Par Epoch Times avec AFP
5 novembre 2020
Mis à jour: 5 novembre 2020

Des maires qui refusent de fermer les petits commerces, l’opposition qui s’inquiète pour ses droits: la crise sanitaire accentue la concentration du pouvoir contenue en germe dans la Ve République, exposant l’exécutif à l’accusation d’ « autoritarisme ».

Depuis l’annonce du reconfinement il y a une semaine, les oppositions ont haussé le ton, dénonçant tour à tour le manque de concertation, des mesures prises dans l’opacité des conseils de défense, la prolongation de l’état d’urgence sanitaire ou encore le recours aux ordonnances.

A l’image du patron des Insoumis, Jean-Luc Mélenchon, qui ne cesse de dénoncer « les dérives » de l’exécutif. « Vous commencez à aller de plus en plus loin dans l’autoritarisme jusqu’à vous mêler (…) de la vie quotidienne des gens », a-t-il accusé à l’Assemblée nationale, après la fermeture des magasins de proximité et des rayons de produits non essentiels dans les supermarchés.

Le président de l’UDI, Jean-Christophe Lagarde, qui a appelé les maires de sa formation politique à désobéir à l’Etat en maintenant les magasins ouverts, lui a emboîté le pas. « Il y a une dérive qui finit par caractériser un autoritarisme déplacé », a-t-il dénoncé.
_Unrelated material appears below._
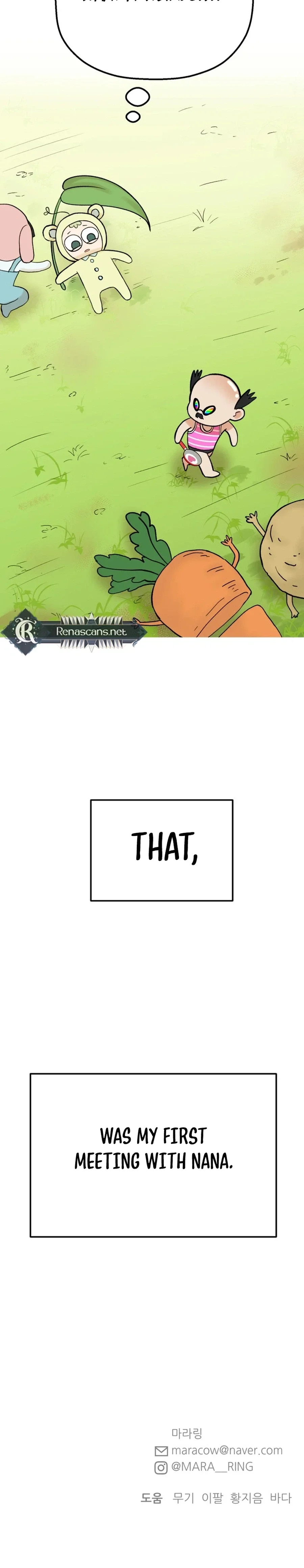 Image page 50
L’eurodéputé EELV, Yannick Jadot, s’en est pris à Emmanuel Macron qui « décide seul avec quelques conseillers », et le patron des Républicains, Christian Jacob, a attribué les couacs de l’exécutif à un « président de la République (qui) ne donne pas des instructions claires » au Premier ministre Jean Castex.

Ces critiques sont-elles fondées ?

« En France, je pense que nous flirtons avec un autoritarisme centralisateur qui devient problématique », affirme à l’AFP Romain Pasquier, politologue et directeur de recherche au CNRS, convaincu qu’une « partie de la société accepte de plus en plus mal les normes qui tombent du haut sans concertation préalable ».

« Si nous ne sommes pas capables dans la crise sanitaire de redonner une marge de manoeuvre au local pour que les gens décident dans leur cadre de vie d’un certain nombre de choses sur leur propre liberté, on verse dans une certaine forme d’autoritarisme démocratique (…) qui finit par miner la confiance dans le système politique français », prévient-t-il.

De son côté, l’exécutif rejette avec force les accusations d’autoritarisme et rappelle à quel point il doit agir vite face à la propagation de l’épidémie ou la menace terroriste.